TASK OBJECTIVE
Could you restate word for word every line from the one containing "Champagne Orange Embellished" to the end of the data below, pictures excluded?

Saved entries
══════════════════════════════
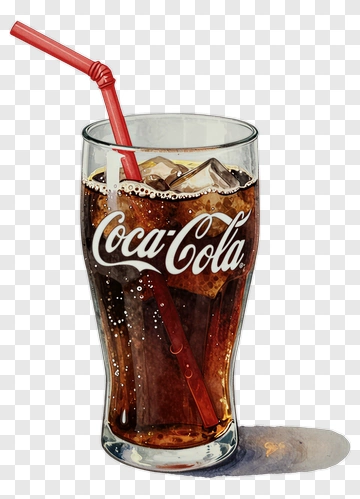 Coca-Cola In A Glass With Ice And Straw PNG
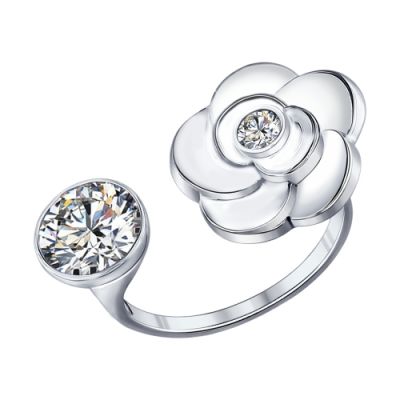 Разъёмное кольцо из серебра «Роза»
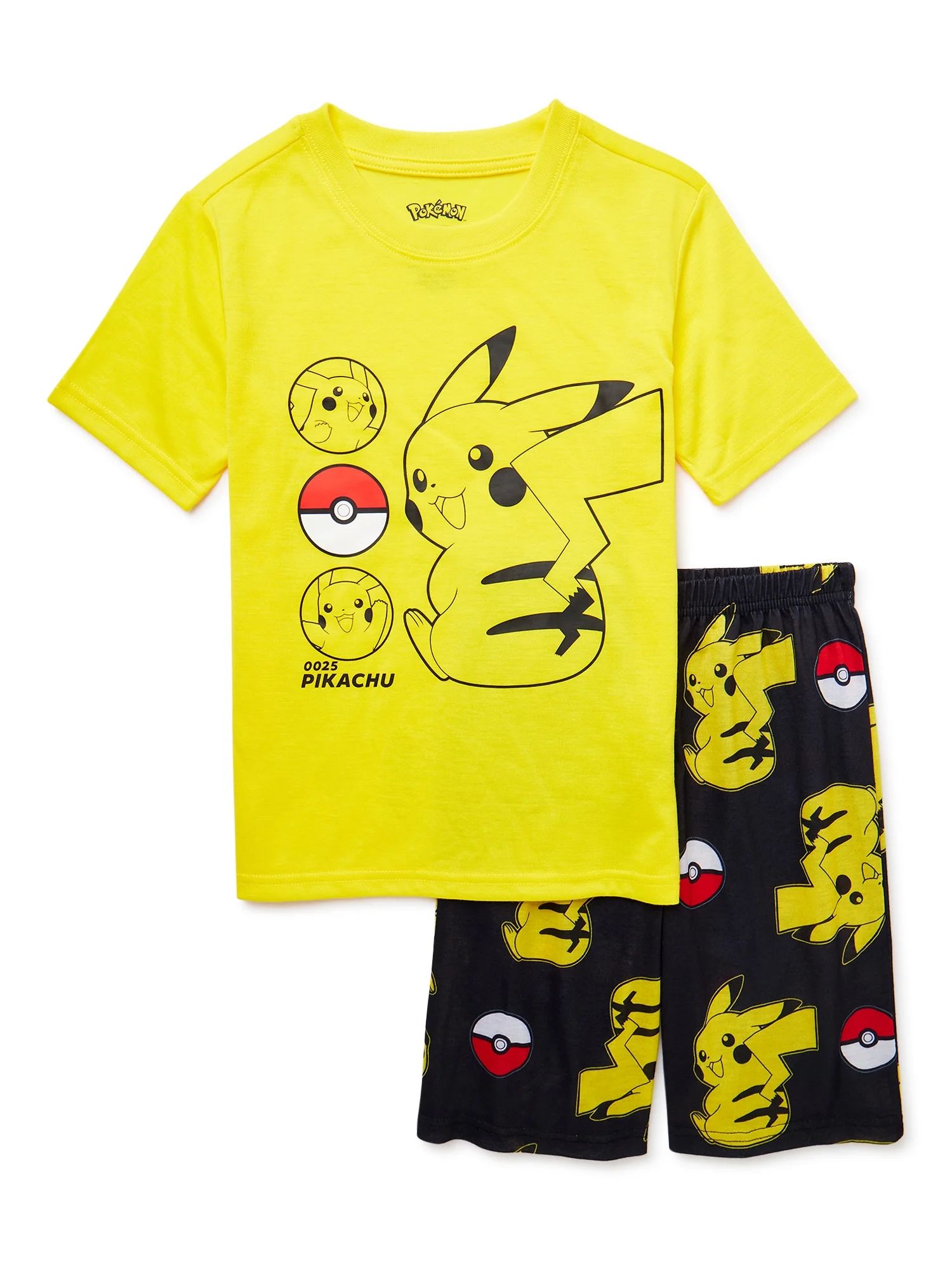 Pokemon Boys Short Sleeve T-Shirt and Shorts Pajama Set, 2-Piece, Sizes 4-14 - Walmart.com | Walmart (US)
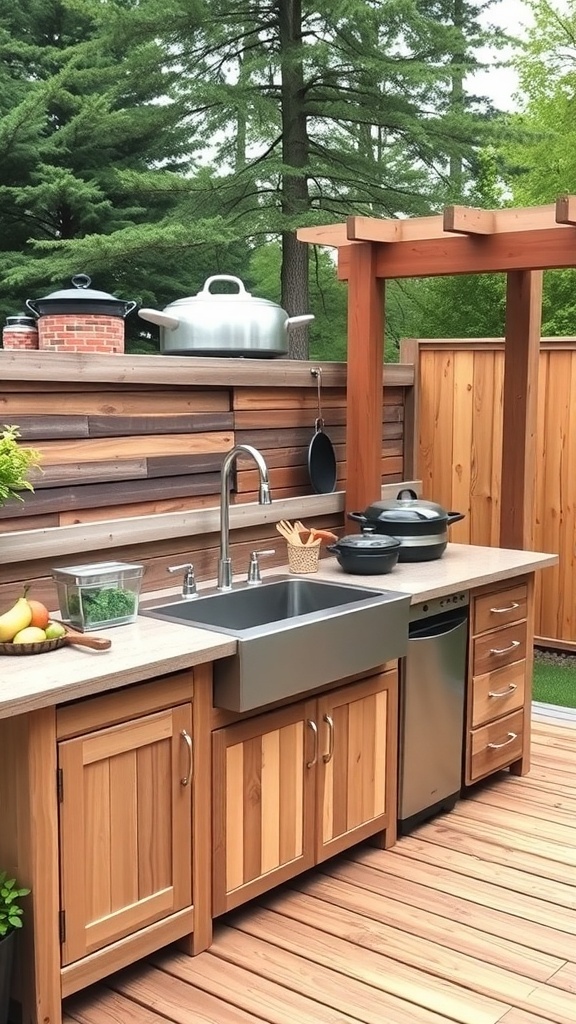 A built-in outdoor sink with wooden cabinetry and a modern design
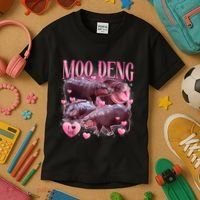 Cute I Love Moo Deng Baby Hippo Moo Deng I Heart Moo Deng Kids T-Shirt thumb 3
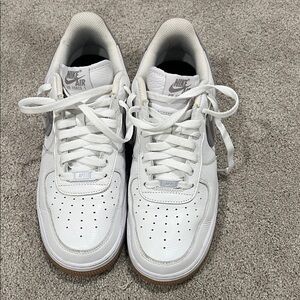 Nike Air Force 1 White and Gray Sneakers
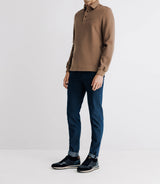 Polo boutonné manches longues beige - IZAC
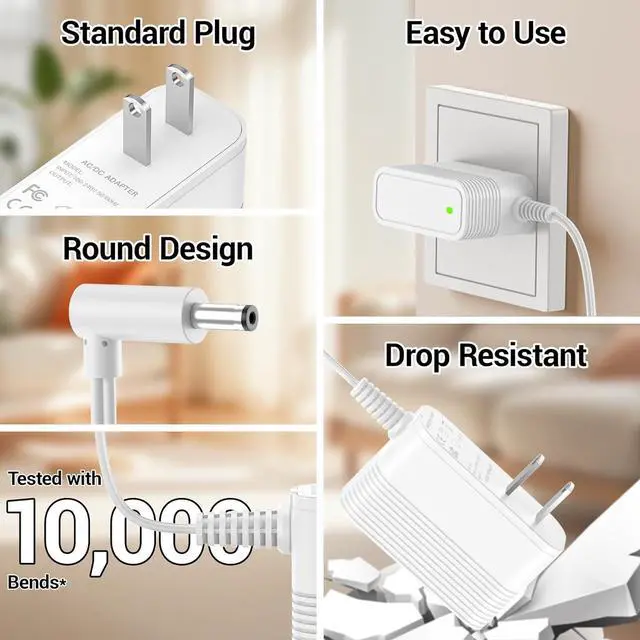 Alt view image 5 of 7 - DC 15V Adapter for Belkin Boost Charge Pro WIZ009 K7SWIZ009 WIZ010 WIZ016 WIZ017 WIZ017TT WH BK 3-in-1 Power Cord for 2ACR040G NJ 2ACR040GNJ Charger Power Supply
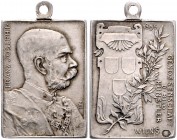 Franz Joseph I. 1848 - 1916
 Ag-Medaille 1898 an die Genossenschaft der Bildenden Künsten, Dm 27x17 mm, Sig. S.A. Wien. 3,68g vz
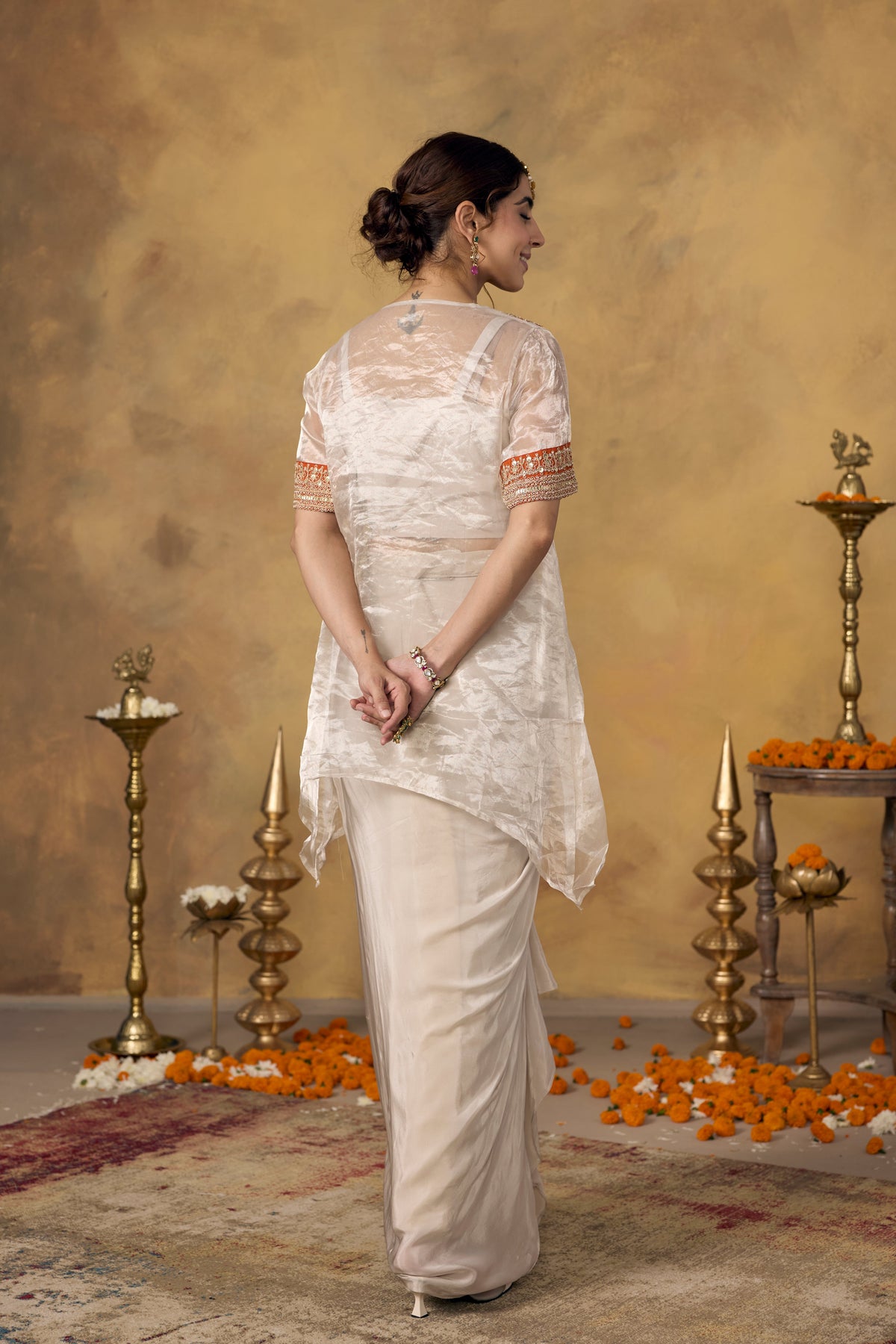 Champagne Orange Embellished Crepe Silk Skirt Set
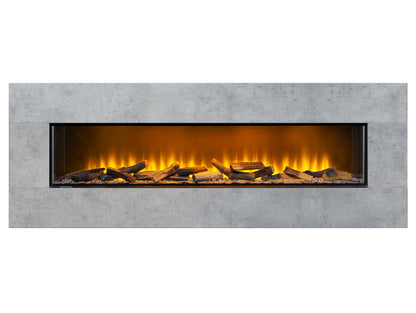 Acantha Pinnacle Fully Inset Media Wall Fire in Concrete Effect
══════════════════════════════
TASK SOLUTION
 Champagne Orange Embellished Crepe Silk Skirt Set
 Acantha Pinnacle Fully Inset Media Wall Fire in Concrete Effect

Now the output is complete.